Hyperactivity and behavioral seizures in rodents following treatment with the dopamine D1 receptor agonists A-86929 and ABT-431

A-86929 ((-)-trans-9,10-dihydroxy-2-propyl-4,5,5a,6,7,11b-hexahydro-3- thia-5-azacyclopent-1-ena[c]phenanthrene) is a potent and selective full agonist at the dopamine D1 receptor. Both A-86929 and ABT-431 ((-)-trans-9,10-diacetyloxy-2-propyl-4,5,5a,6,7,11b- hexahydro-3-thia-5-azacyclopent-1-ena[c]phenanthrene hydrochloride), the diacetyl prodrug derivative of A-86929, were evaluated for their effects on behavioral excitability in rodents. In rats, A-86929 produced a dose-dependent increase in locomotor activity that was attenuated by the selective dopamine D1 receptor antagonist, SCH 23390, as well as by higher doses of the dopamine D2 receptor antagonist, haloperidol. Repeated administration of A-86929 over 6 days produced hyperactivity which did not change in magnitude across days.
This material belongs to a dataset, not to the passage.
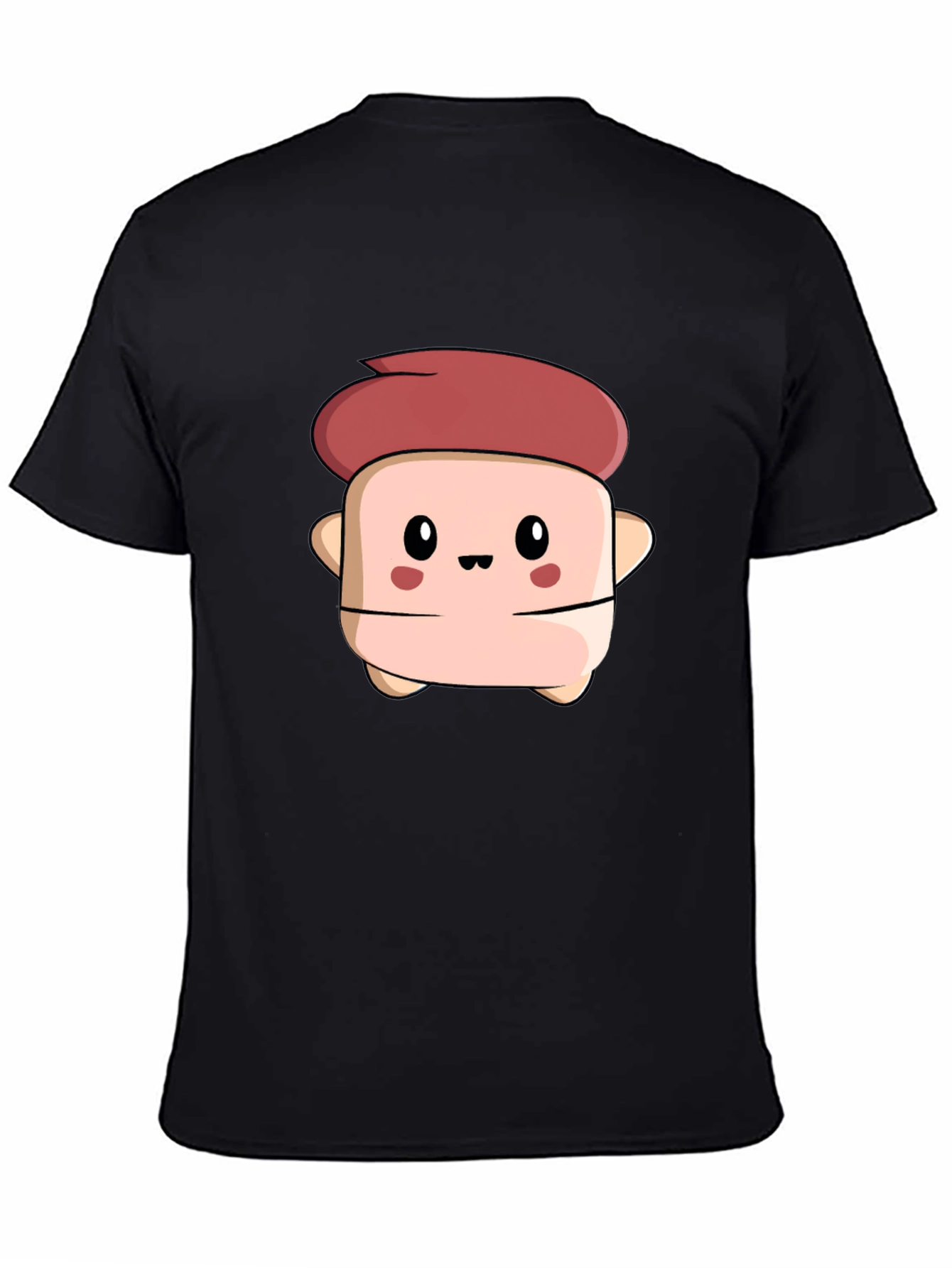 Black Cute Cartoon Character Black T-Shirt view 4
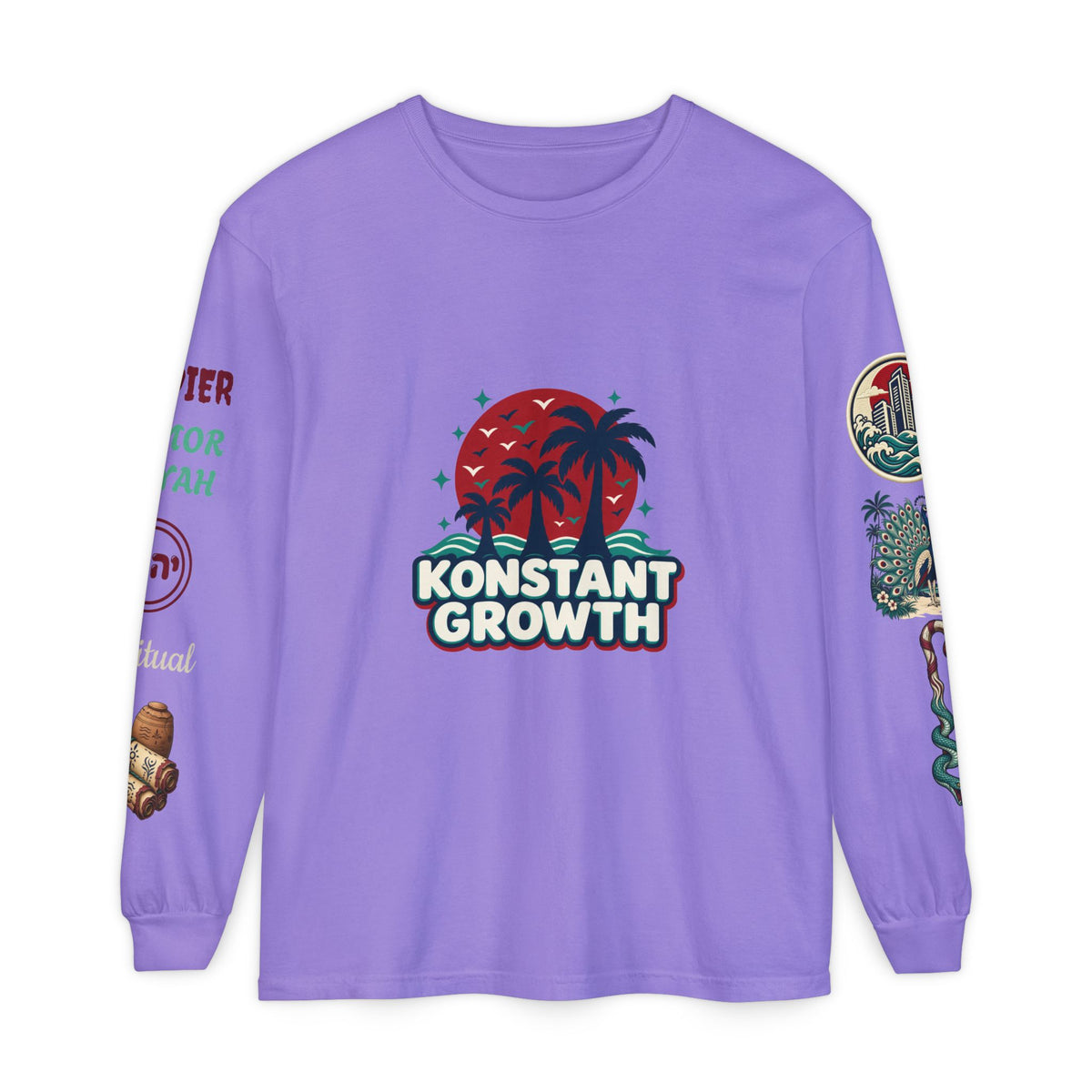 Long Sleeve Tee — "Konstant Growth" Spiritual Palm & Burning Bush Graphic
Acute administration of A-86929 and ABT-431 to mice produced behavioral seizure activity, with ED50 values of 7.1 and 2.7 mumol/kg, s.c., respectively, that was blocked by SCH 23390. Young rats (35-37 days) exhibited behavioral seizures following A-86929 and ABT-431 treatment (ED50 = 34.2 and 35.6 mumol/kg, s.c., respectively), but at doses higher than those required in mice. Moreover, adult rats (3 months) were less sensitive (ED50 = 345 mumol/kg, s.c.) to A-86929-induced seizures than young rats. Comparison of the ED50 values that produced behavioral seizure activity in rats with those previously established to produce contralateral rotation (ED50 = 0.24 mumol/kg, s.c.) in 6-hydroxydopamine-lesioned rat indicates that a significant dose separation exists between these two properties of A-86929.